Moe, the embittered barkeep and proprietor of Moe's Tavern, constantly plagued by foes in the form of Bart Simpson's prank calls. Bart tortures people, especially Moe, with his prank calls. Examples:

1. Uh, Hugh Jass? Oh, somebody check the men's room for a Hugh Jass!

2. Bart is trying to call the Counter-Truancy unit on a cellphone; the line sounds like it is crossed
(Jack Bauer) Chloe, I need those schematics now!
(Bart) Who is this?
(Jack) I'm Jack Bauer - who the hell are you?
(Bart) Me? I'm, uh, Ahmed Adoodie (pronounced "I Made a Doodie")
(Jack) Chloe, find out all you can about Ahmed Adoodie. Does anyone there know Ahmed Adoodie?
(Chloe) Ahmed Adoodie - wealthy Saudi financier. Disappeared into Afghanistan in the late '90s.
(Jack) Really?
(Chloe) No, Jack, it's a joke name. You're being set up!
(Jack) Dammit!
Bart laughs; Jack fires a gun at someone

3. "Uh, Amanda Huggenkiss? Hey, I'm looking for Amanda Huggenkiss! Ah, why can't I find Amanda Huggenkiss?"
Barney says "Maybe your standards are too high!"
"You little S.O.B.! Why, when I find out who you are, I'm going to shove a sausage down your throat and stick starving dogs in your butt!"

Poor Moe. Poor Jack Bauer. Poor Jimmy Rock. Jimmy didn't receive a prank call, just the honor of a Lemans start. I guess that qualifies as a prank. Moe's foes consisted of the lovely Mariana Cutleras Hugh Jass; Naomi Takahashi as Amanda Hugginkiss; and yours truly as Ahmed Ahdudi. The boy donned Bart Simpson costume
and planned to ride around demanding, "I'm Bart Simpson, who the hell are you?" I didn't realize it was a Lemans start when I signed us up, and poor little Bart had to run 1/4 mile with giants to get his bike. Mother of the year, here.

We arrived in plenty of time to register and do a lap of the course superbly designed by Mike Kuhn of the VisitPA.com team.
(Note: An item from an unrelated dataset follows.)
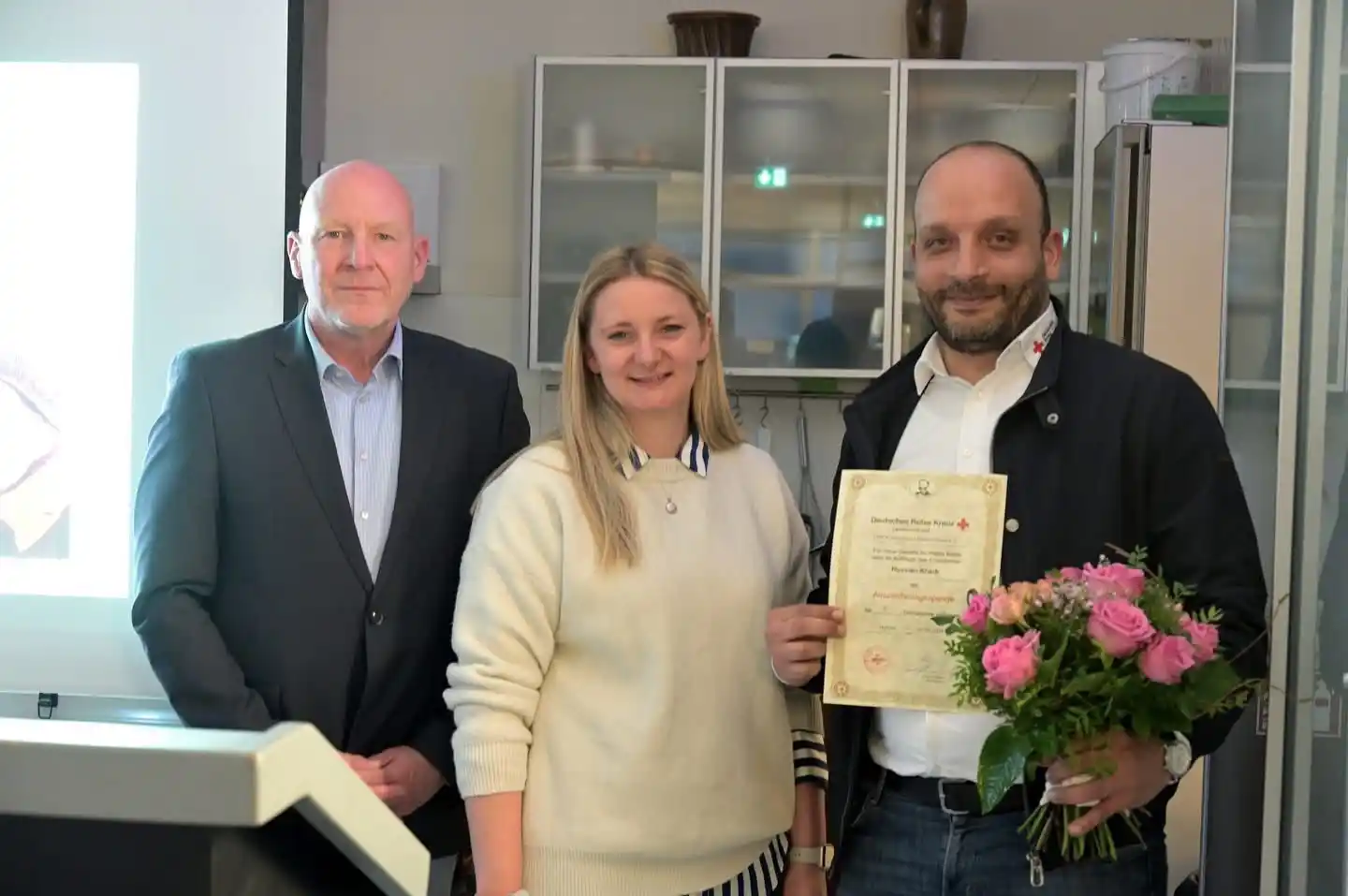 Image from Hussein Khedr: Ich bin so dankbar, Teil des DRK-Kreisverbands Herford-Stadt e.V. zu s...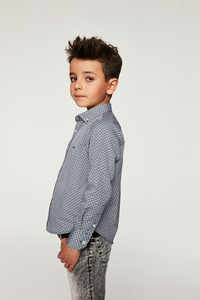 Camisas de manga larga informales marrones con botón y cuello de vestido cómodo de nuevo diseño de primera calidad para chico - Product Image 3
Although we lacked a tent, we had awesome neighbors (Drew, Nikki, and Kristin) who dished up a tasty post-race BBQ. Mmmmm.....grilled asparagus.
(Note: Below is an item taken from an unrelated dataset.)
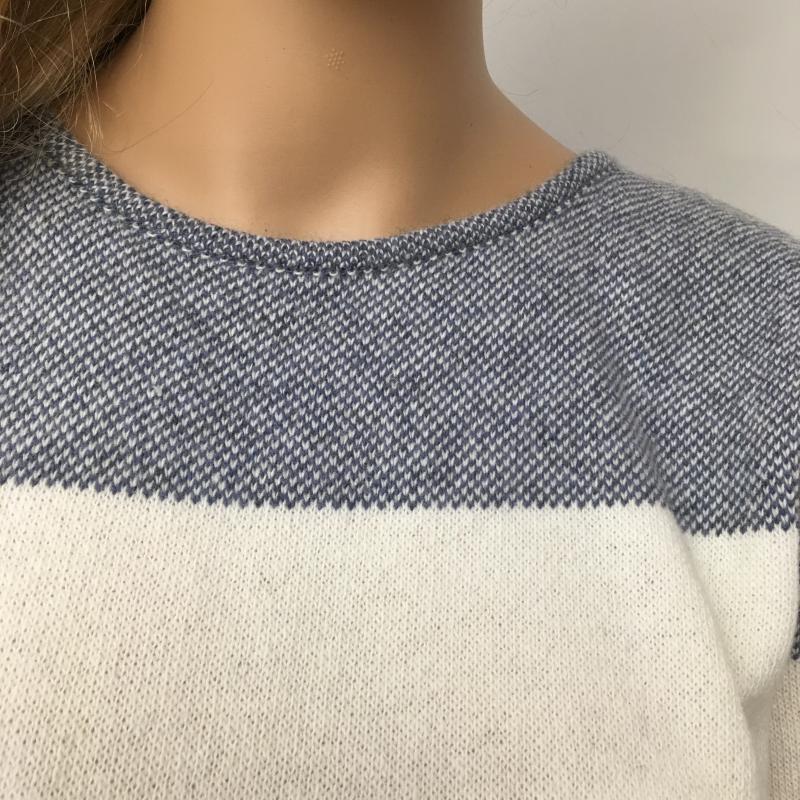 Zwillingsherz Pullover mit Wolle Kaschmir Blockstreifen Größe 36/38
The conditions were windy, muddy, and nervous mother. That's right. It was the boy's first mountain bike race and I wanted him to have fun. He looked like death on a cracker pre-race but by his third lap (that's right, I wrote third lap) he was ready for more. I don't want to be one of those crazy Moms (to hell with you who just thought "too late") who pushes hobbies on their kids that the kids can't stand. My parents made me play junior golf. I guess I should have given it more of an effort, but the best part was zooming around in carts. Besides, who doesn't like riding a bike? Uh oh.
Since the boy is a bit of an attention hound (he comes by it honestly), the relay format suited his love of the spotlight. I think it's why he likes the track. Thanks to all of the kind racers who helped him out and let me know he was on his way. He said, "These people are really nice." And it's true. I told him that mountain biking is so hard that everything hurts including your teeth. People are nice to each other because we're all a bunch of crazy masochists. Speaking of which, wait till I introduce him to cross.
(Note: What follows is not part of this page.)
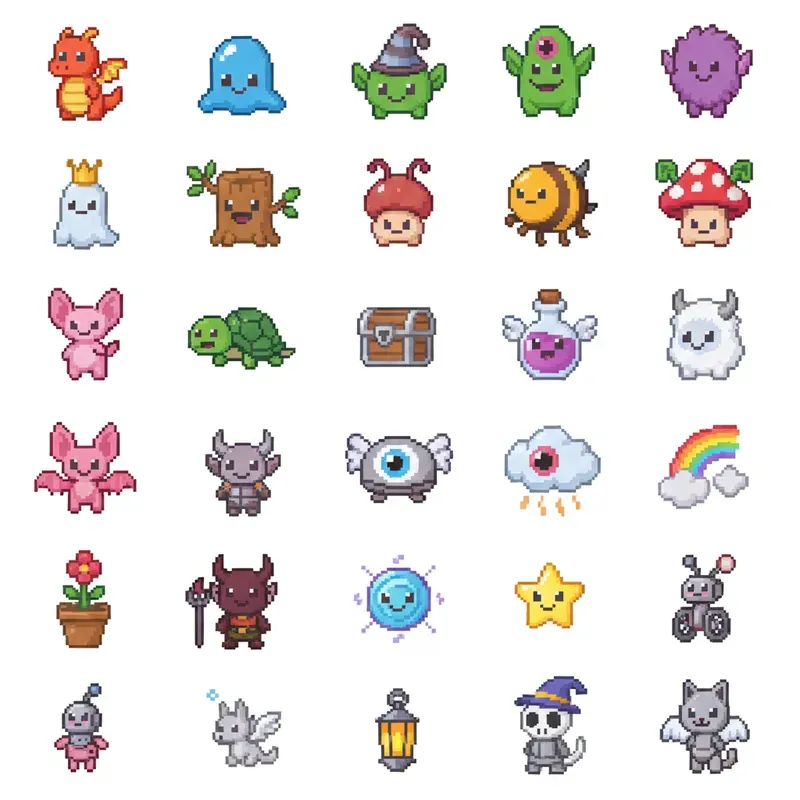 2D Pixel Art Game Dev Sprite Assets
Half of the Bad Fat Monkey Cat team brought a 26" bike for the boy to try out. Sunday he rode 16 miles of Fairhill, including a loop of the 4/19 race course. Thanks for schlepping this down to the race. The boy immediately recognized the improvement in machines, and is absolutely ready to ride like a maniac.

Thanks to Mike Kuhn for a fabulous event.

Wednesday, April 1, 2009

Team Relay Race Costume Dilemma

So I'm tempted to opt out of the team relay since I can't come up with a costume idea. Seriously, our only chance of winning is if we ply the promoter with a ton of Belgian beer and don kick ass costumes. What's a girl to do?

My teammates for this endeavor include M, Naomi, and a secret weapon who shall remain nameless. This secret weapon suggested we name the team the "Atomic Televisions" or "ATVs." Too many Godzilla movies, I'm afraid.

I've posted an article about the team relay on my Examiner site and would be much obliged if my 6 blog readers would check it out. More cash = more race entry fees.

I'm really looking forward to this race because I have euphoric recall of the way mountain bike racing used to be in the late 80s early 90s and this event reminds me of those bygone days. Can't repeat the past? Maybe not, but it can be improved.

See you Saturday. Hopefully with a winning costume.